Main Street man 

Clay Harper's prolific muse offers up an imaginary soundtrack

Call on Clay Harper at 8 p.m. on a Thursday, and chances are you won't find him watching NBC's "Friends." In fact, he's never seen the show. Not that he has anything against the top-rated sitcom. He'd just rather busy himself with other things. "I always seem to be wanting to do something," he says during a recent lunchtime interview at his Midtown home. "And I don't spend a lot of time sort of camping, you know what I mean? I don't veg that often."

Who can blame him? Harper, 40, doesn't have time to grow couch-potato roots. When he's not tending to duties associated with owning all those Fellini's and La Fonda restaurants around town, he's hanging out with his girlfriend or helping raise his 9-year-old daughter, Barrie, who lives with her mother in a neighborhood north of Atlanta.

"She is my number one priority," he says of his daughter. "Then after that, I can get it together. Like President Clinton, I can compartmentalize."

Harper has been compartmentalizing a lot lately -- particularly in the creative department. Before he was a successful businessman, Harper was a songwriter and frontman for the band the Coolies.

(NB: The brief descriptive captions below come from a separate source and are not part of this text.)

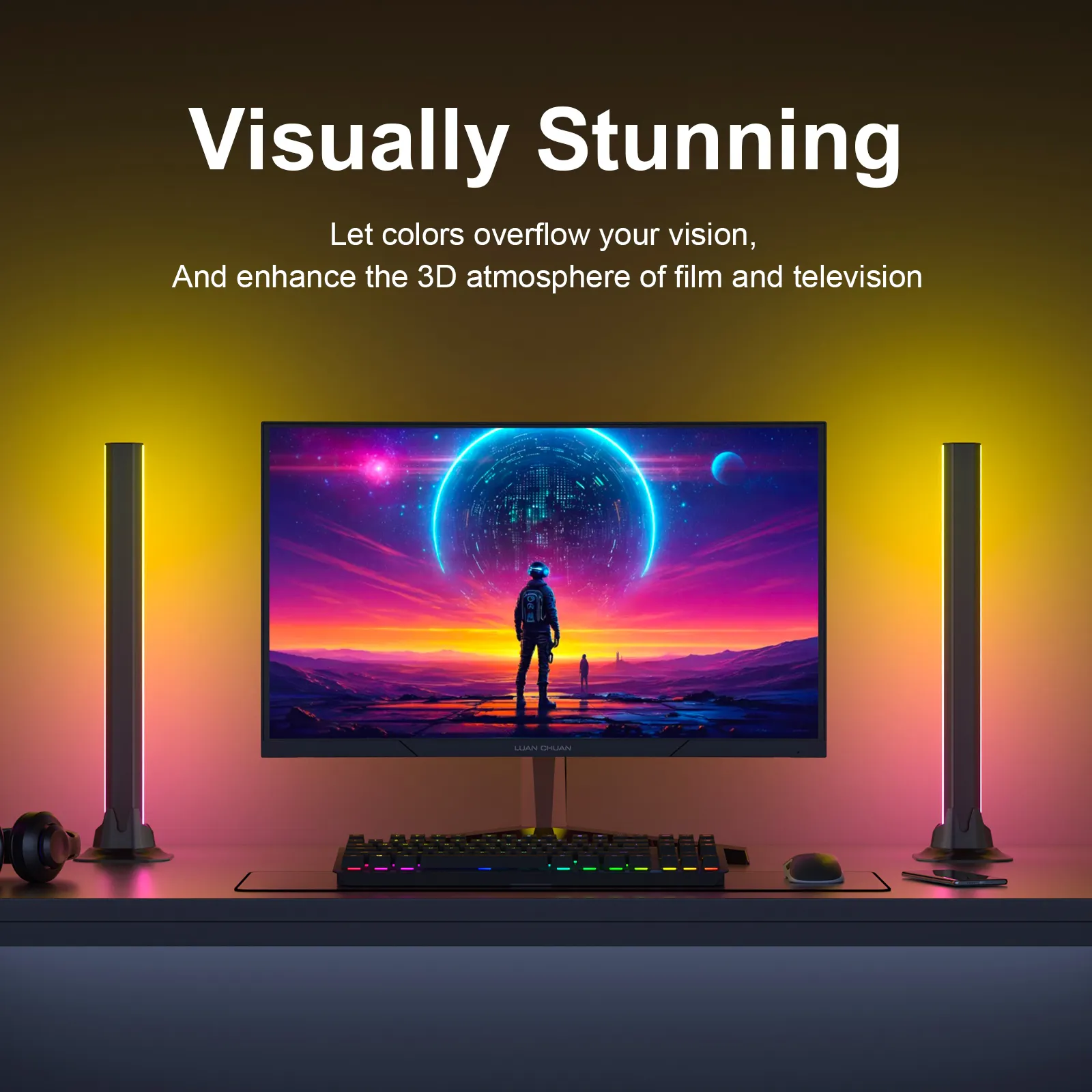 32CM Smart Light Bars, RGBIC Gaming Lights with Music Sync, Versatile Ambient Lighting for Desk & TV, Bluetooth App & Remote Control thumbnail 4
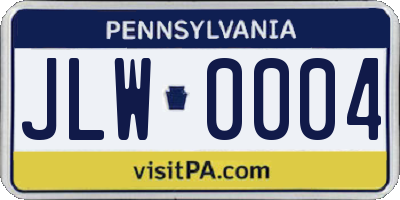 PA license plate JLW0004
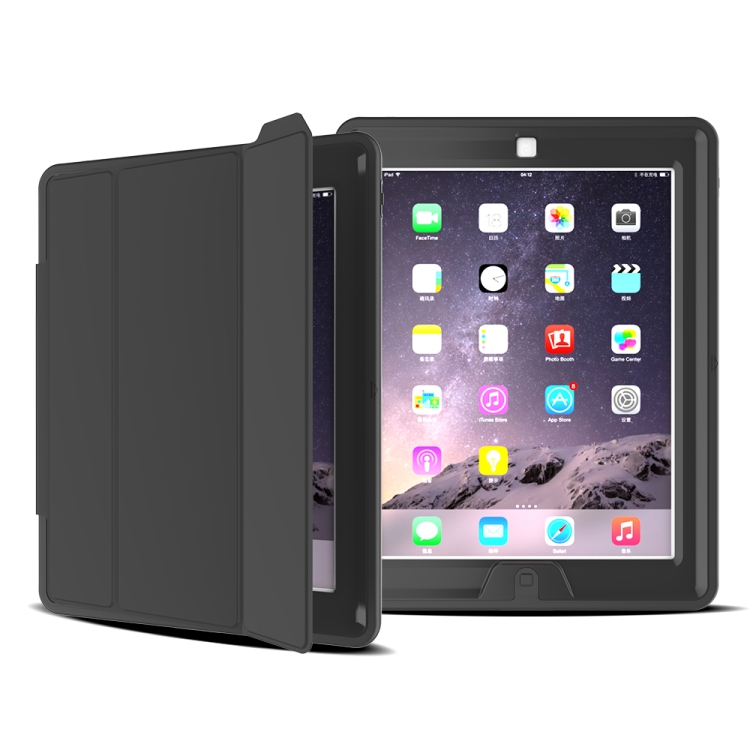 

For iPad 2 / 3 / 4 TPU + PC + PU Leather Case with Three-folding Holder & Sleep / Wake-up Function(Black)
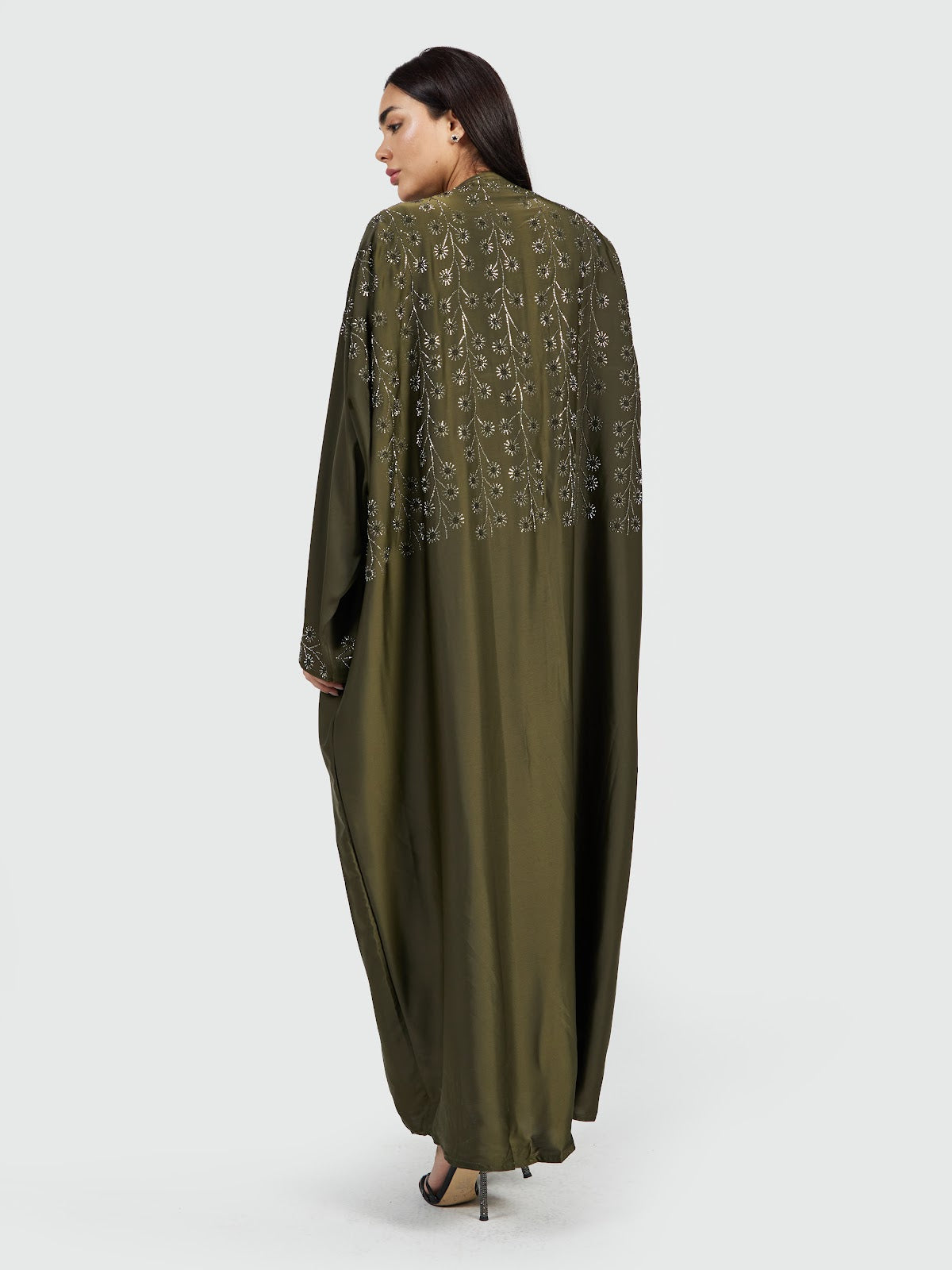 Women's Luxury Olive Green Hand-Embroidered Abaya with Matching Sheila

The gift has not wilted with Harper's venture in the moneymaking world. In fact, Harper's industrious musical talents are profiting nicely -- artistically if not monetarily.

To wit, some of the hats he's worn of late: Last year, he and his brother Mark Harper released their second children's storybook CD; he recently worked with the Subsonics on songs for a new album; he's currently working on a project he describes as a "Buena Vista Social Club" for reggae.

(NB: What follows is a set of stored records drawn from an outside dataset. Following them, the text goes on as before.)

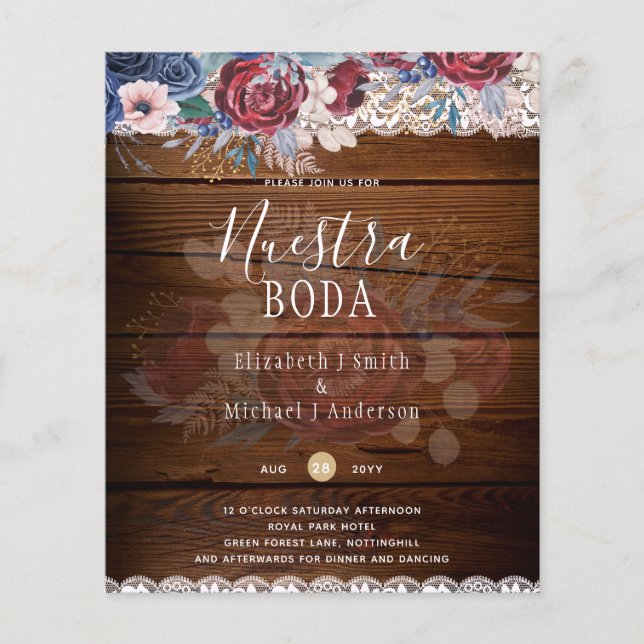 Nuestra Boda Burgundy Blue Floral Lace INVITE Flyer (Front)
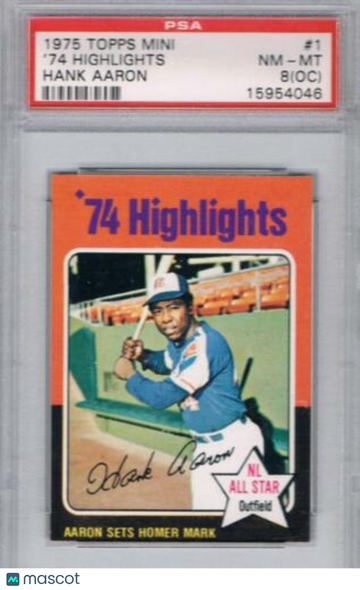 1975 Mini Hank Aaron #1 PSA
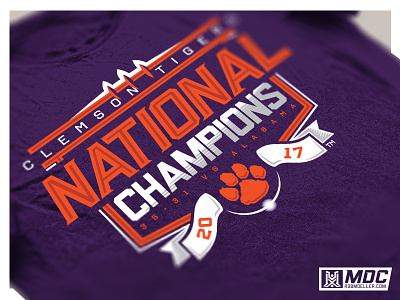 2017 Champs branding champions clemson football logo national sports tigers typography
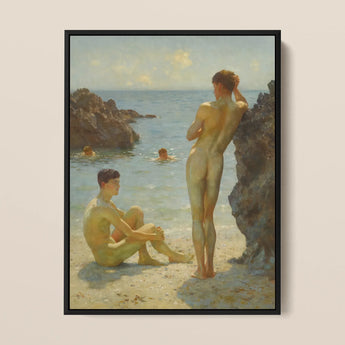 Lovers of the Sun - Henry Scott Tuke Fine Art Print / Canvas, 12x16’’ / 31x41cm / Black Frame, Posters Prints & Visual Artwork, Toby Leon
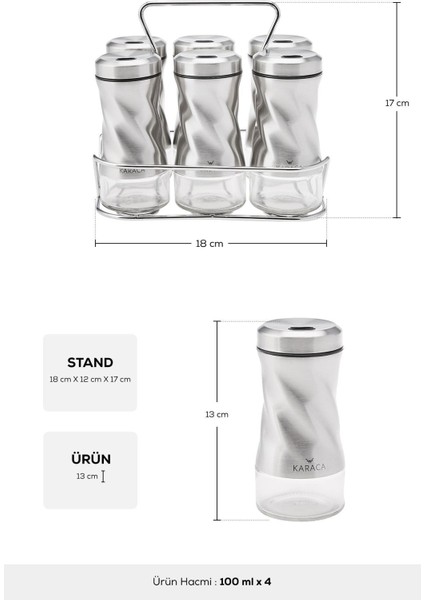 Şeffaf Cam Baharat Takımı, 7 Parça, Şık ve Kullanışlı Tasarım modelleri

In the midst of all this activity, Harper has just unleashed his most recent project, a concept CD called Main Street, released on local label Terminus Records. Featuring drivin' n' cryin' frontman Kevn Kinney on lead vocals, the CD is a soundtrack to a movie that has never been made. It follows the downward spiral of a lawyer who lives on the corner of "inspiration and desperation."

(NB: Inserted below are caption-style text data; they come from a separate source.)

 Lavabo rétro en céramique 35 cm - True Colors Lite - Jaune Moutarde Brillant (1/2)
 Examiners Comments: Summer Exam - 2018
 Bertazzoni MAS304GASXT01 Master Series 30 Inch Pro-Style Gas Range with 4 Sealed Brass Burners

The title track includes the melancholy idyll, "There's no such place as Main Street/Where the sun shines all the time/ And birds sing like only birds can sing/When they're singing in your mind." Main Street might not exist, but clearly it exists in Harper's mind, and on CD.

Harper says the recent spate of movie soundtracks "that have absolutely nothing to do with the movie," sparked the idea for Main Street. "They exist just to get this band and this band and this band exposed. So what I wanted to do was alter that so completely. It's a soundtrack that has everything to do with the movie, but the movie doesn't exist."

He wrote the entire CD, including snippets of dialogue, with Kinney in mind for the lead role (locals such as Col. Bruce Hampton and the Subsonics' Buffi Aguero make spoken cameos as well). Harper calls Kinney "the best singer in town."

"To me, he comes across as so sincere," Harper says of his longtime friend. "He really gets into character and he feels it. He's so unique. He's got so much character in his voice."

Harper is pleased with the finished product. "It does convey what I wanted," he says modestly.

But to loiter on Main Street is to miss the whole point of Harper. This is not a guy who loiters for too long on anything. He becomes obsessed with a flash of inspiration, he gives birth to it and he moves on. When talking to Harper, subjects of conversation never linger for more than a minute. He's always reminded of ideas he still has yet to bring to life. "I've got a hundred that don't happen, and I really get down on myself," he says. "I'm like, 'Damn, I've got to do this.'"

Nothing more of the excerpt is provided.